Since the entire intent of the setting of the time was to show pharaoh that G-d is able to synchronize the exact moment, there was no place to rely on a time-piece, which belonged to pharaoh and his astrologers, in order for them to see how G-d sets the precise time. For it is possible that these clocks (that are man-made) are not precise, or it could be that the astrologers would err in their calculation etc., and they would think that Moshe did not calculate the correct moment.
Therefore, Rashi explains further on regarding the Plague of the Firstborn, in Moshe’s words to pharaoh,
“So said the L-rd, At the dividing point of the night (midnight/ כחצות הלילה), I will go out etc.”
“Moshe said כַּחִצֹת, about midnight, meaning near it (midnight), either before it or after it, but he did not say בַּחֲצֹת, at midnight, lest Pharaoh’s astrologers err and (then) say, “Moshe is a liar”.
Therefore, it is necessary to say that Moshe made a sign that is impossible to err with. Therefore, he explains that “He made a scratch on the wall to demonstrate that ‘Tomorrow, when the sun reaches here, the hail will come down”. For this sign is not dependent on man but rather heaven (the course of the sun) and one cannot err in it.
(According to this, it is fitting why Rashi is in his aforementioned comment in Parshat Bo, on the verse “At the dividing point of the night” also states in the heading of the comment “the night”,
(And also in the body of his comment, he says, “Our Rabbis, however, interpreted it like כַּחֲצִי הַלַיְלָה, at about midnight (lit., half the night”, and he does not say concisely “like half the night”).
For one could say that the foundation of Rashi’s comment is because it is specifically speaking of midnight. For f it would have been speaking of noon, there would not have been any need to deviate from G-d’s words in order that they not say “Moshe is a liar”. For it would have been possible to make “a scratch on the wall” (like he did with the plague of Barad). However, since here it is speaking of midnight, and there is no sign that one cannot err with, he did not have any choice but to deviate and say “at about midnight”).
5. From the homiletic style of Torah in Rashi's commentary (“Yayina shel Torah”):
The words of the Maskil l’David were mentioned previously, that he explains Rashi according to Sod.
The essence of his words are:
Rashi cites further on that the Barad was a “miracle within a miracle. The fire and hail intermingled. . . to perform the will of their Maker they made peace between.

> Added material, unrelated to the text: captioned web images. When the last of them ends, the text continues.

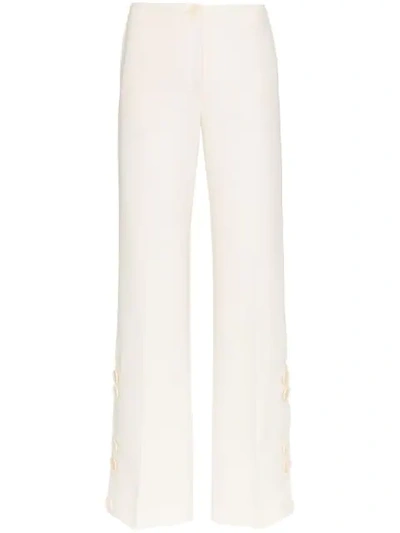 Wales Bonner High Waist Buttoned Wide-leg Wool Trousers In White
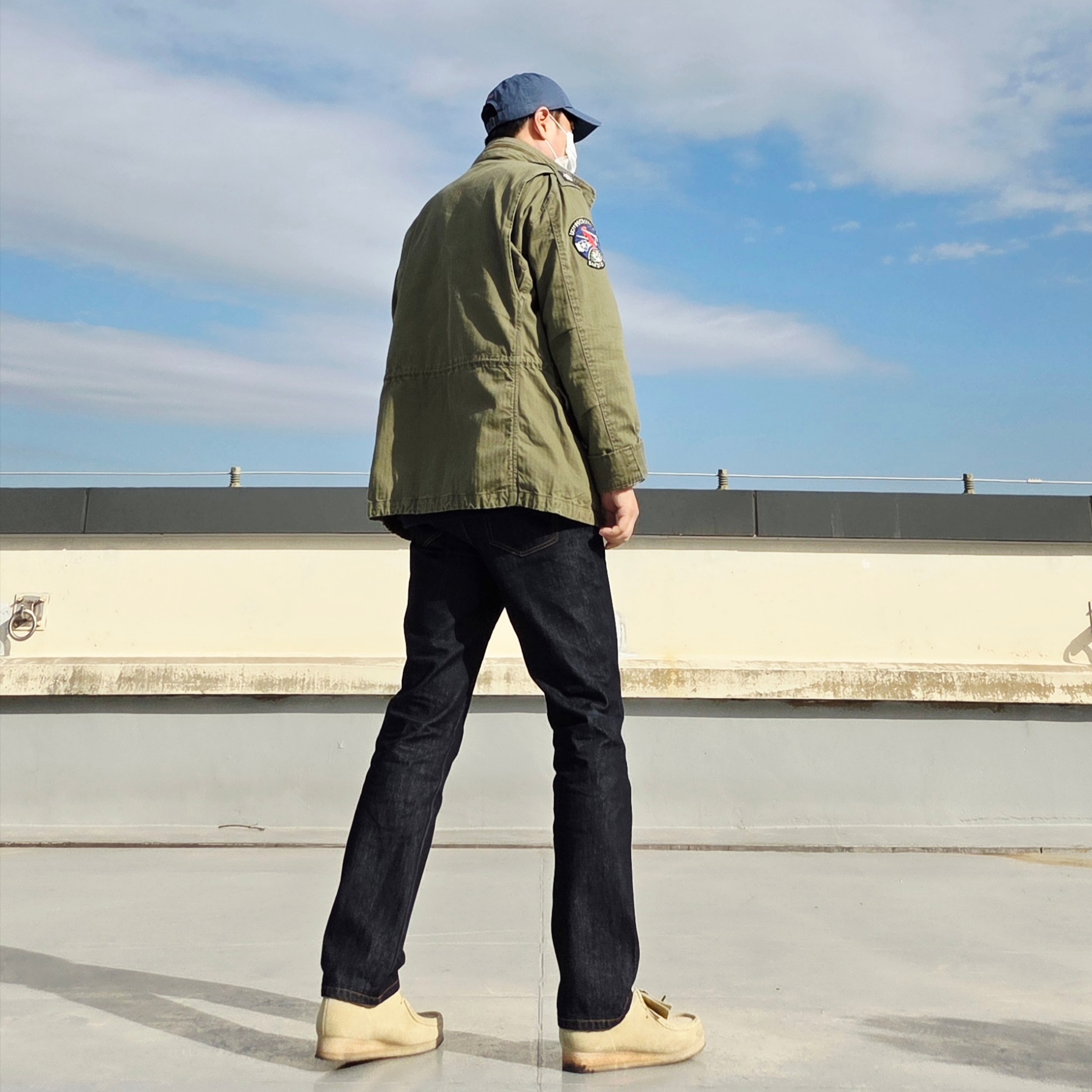 [20% 적립] Polo Ralph Lauren Iconic Herringbone Field Jacket Olive Mountain - 25SS, Clarks Wallabee Maple Suede 착용 스타일 - 5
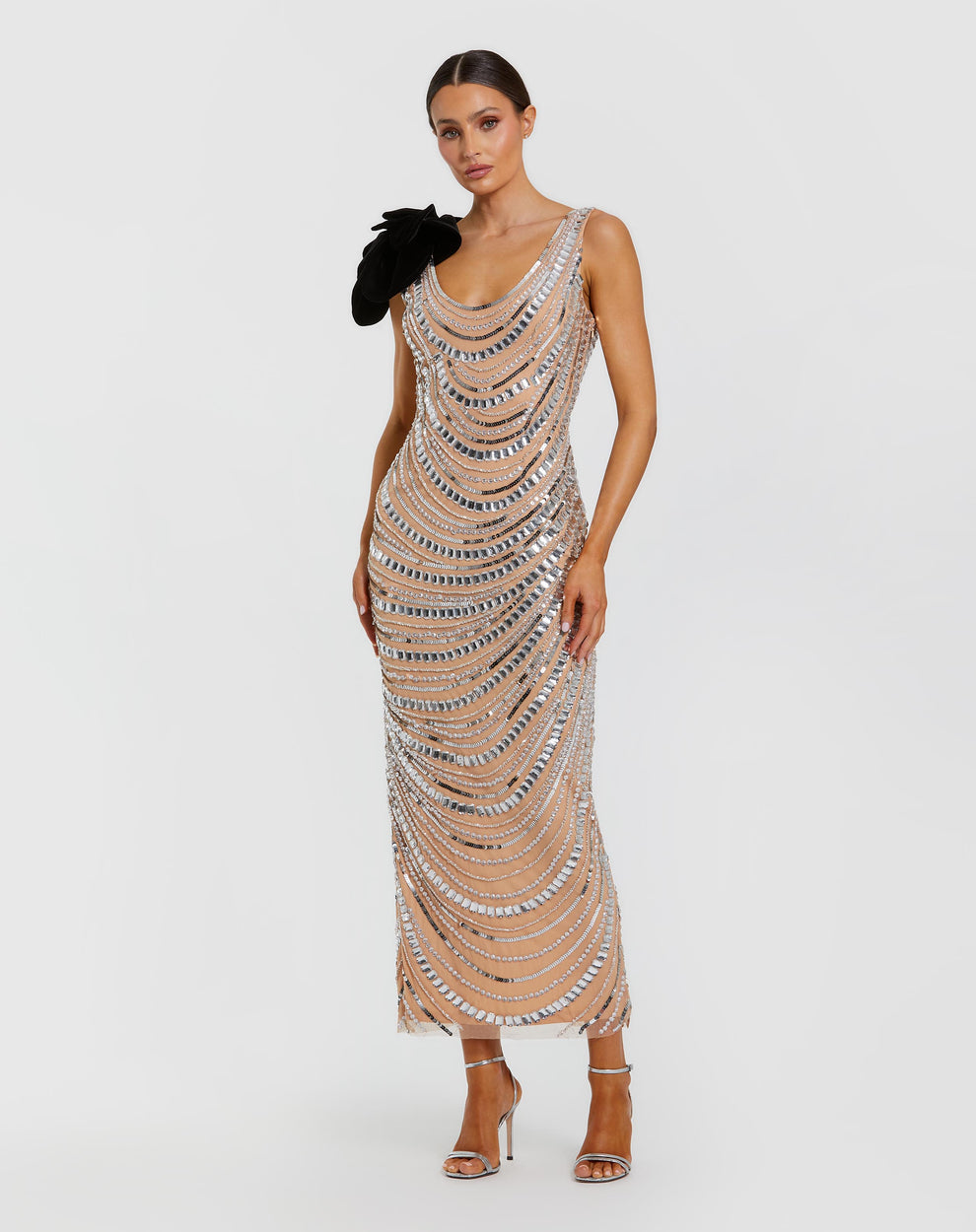 Cocktail Dresses Sequin Beaded Midi Cocktail Dress Silver Nude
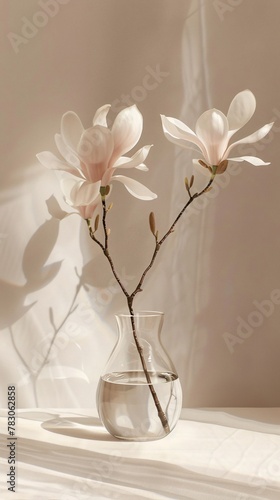 magnolia in vase on wall background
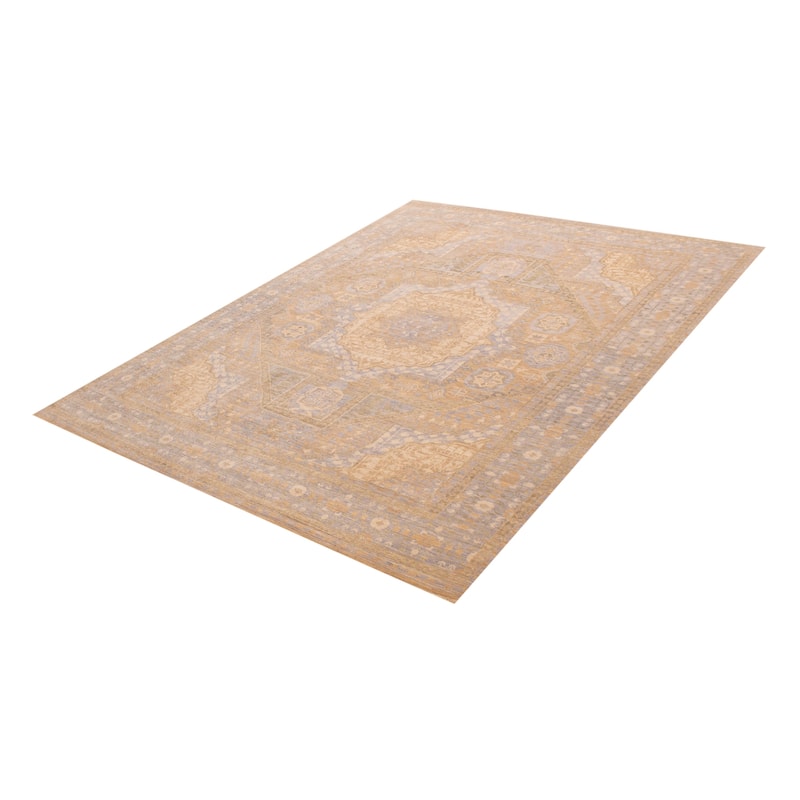 ECARPETGALLERY Hand-knotted Mamluk Tan Wool Rug - 9' 2" x 11' 9"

This intermingling of fire and water depicts the inclusion of the Midah of mercy (Rachamim) and the Midah of judgment (din).
Since they are intermingled together, it depicts the Unity of G-d (Havaye) and His Shechinah (din) “through peace (shalom)”. This is also the allusion why “He made a scratch on the wall to demonstrate that . . ‘when the sun reaches here, the hail will come down’”. For the making of a “scratch on the wall” as well as “when the sun reaches here” depict the Unity of G-d and His Shechinah (like it is explained there according to Zohar).
One could add that the inclusion of mercy and din in this plague – is explained simply in the verses:
The plague of Barad was unique among all the other plagues in two extremes.
One could say that the combining of these two opposites is also emphasized in the general topic of this Rashi that, “At this time tomorrow “He made a scratch”.
For with this it emphasizes (as aforementioned, at length) how G-d intended the exact moment of the beginning of the plague.
The plague came from G-d’s name, as has been explained many times. For through the plagues pharaoh (and the Egyptians) knew that “I am the L-rd”, as is explained in the plague of Barad itself, as it states “And the L-rd gave forth thunder and hail etc.” For “G-d’s name Havaye indicates that He transcends time, that “He was, is, and will be — all at the same instant”. Together with this, the plague comes at the precise moment of (physical) bounded time, in the exact moment – the connection of above time - with time (חיבור של למעלה מזמן וזמן).